AI / LLM Integration
Streaming: build a robust streaming endpoint and client
Reading about TTFT, partial JSON, and buffering proxies is not the same as shipping a stream that survives a slow client, a Stop button, a dropped connection, and a default nginx. Build the endpoint and client end-to-end, measure the latency that matters, and prove it holds under each failure.
Turn the unit’s mental model into a working system: relay a provider’s SSE stream through your own endpoint, accumulate deltas correctly (text and tool args), measure TTFT and TPOT, cancel cleanly all the way to the upstream, recover from errors, and verify a real proxy doesn’t buffer the stream to death.
Build a streaming chat endpoint (server) and client that relays an LLM provider's SSE stream, measures TTFT/TPOT, supports mid-stream cancellation that propagates to the upstream, recovers from errors and drops, and is verified to stream incrementally through a real reverse proxy — not just localhost.
- A demo showing tokens rendering incrementally end-to-end through the proxy, with measured TTFT in the hundreds of ms (not equal to total time) and a TPOT figure — captured numbers, not estimates.
- A tool call whose arguments stream as fragments and parse exactly once at content_block_stop; show a log line proving no intermediate JSON.parse was attempted and the final args object is complete.
- Clicking Stop visibly halts tokens AND a server log / provider dashboard confirms the upstream generation aborted (token count stops climbing) — not just a frozen UI.
- A before/after capture of the buffering proxy: with the fix, incremental delivery; with proxy_buffering on, the all-at-once flush after a long pause — plus a one-paragraph note naming the exact config that caused and cured it.
- Add server backpressure handling: when res.write() returns false, pause the upstream stream and resume on 'drain', and prove memory stays bounded against an artificially slow client (throttled consumer).
- Add a heartbeat/keepalive comment frame (': ping') on an interval so idle-timeout proxies and load balancers don't kill a slow-to-first-token reasoning request.
- Add a reasoning-model path: stream thinking/reasoning summaries (or a progress state) so a 10–60s TTFT never shows a bare frozen spinner, and measure the perceived-latency difference.
- Add an on-call runbook page: the 'works on localhost, batches in prod' triage, the proxy/CDN/serverless buffering checklist, the empty-tool-args (lost input_json_delta) diagnosis, and the cancellation/idempotency contract.

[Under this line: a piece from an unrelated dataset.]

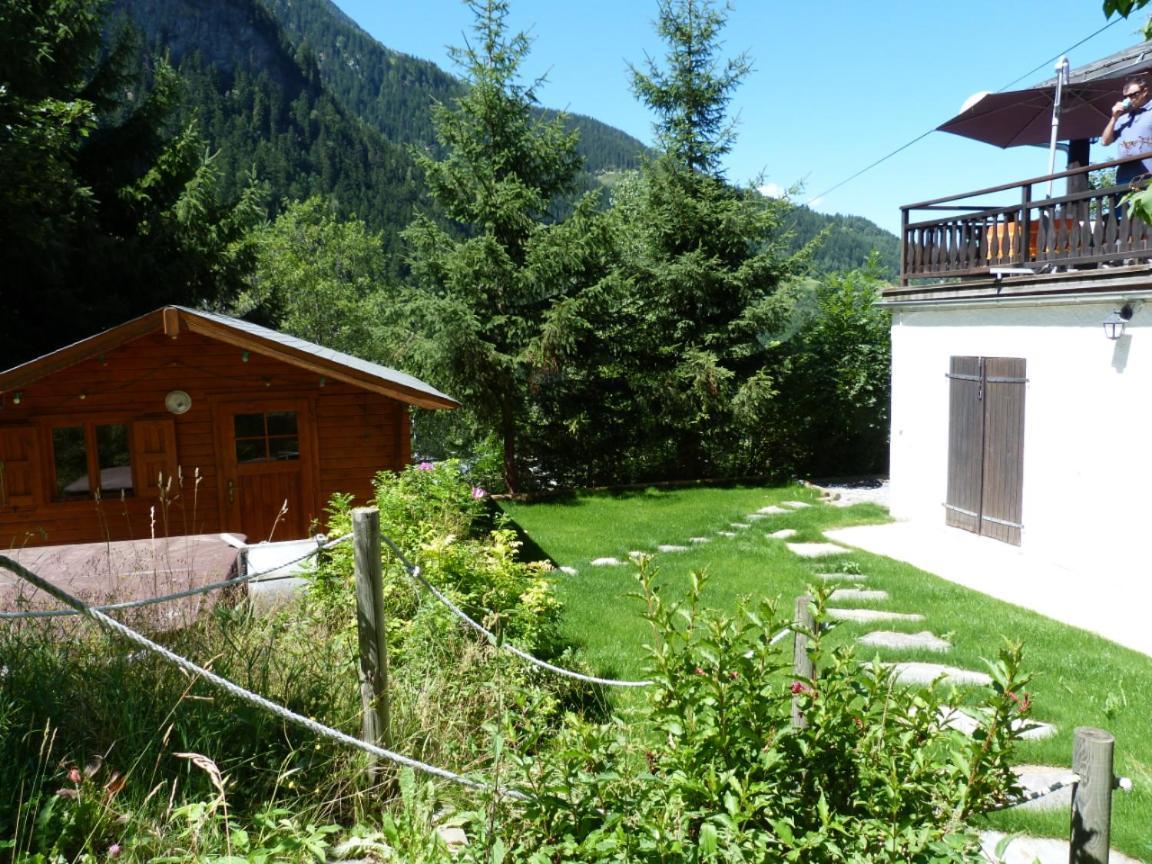 Auberge Sur La Montagne ซานต์-โฟย์-ตาฮองเตส ภายนอก รูปภาพ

This is the loop you will run on every real streaming feature: relay SSE correctly (right headers, buffer-and-split parsing, delta accumulation, tool args parsed only at content_block_stop), measure the latency that actually matters (TTFT and TPOT, not total time), cancel all the way to the upstream so a Stop button stops billing, recover from drops with a safe whole-turn retry, and verify against a real proxy because the number-one production failure — buffering that turns TTFT back into total time — never shows up on localhost. Build it once on a toy chat app and the production version becomes muscle memory.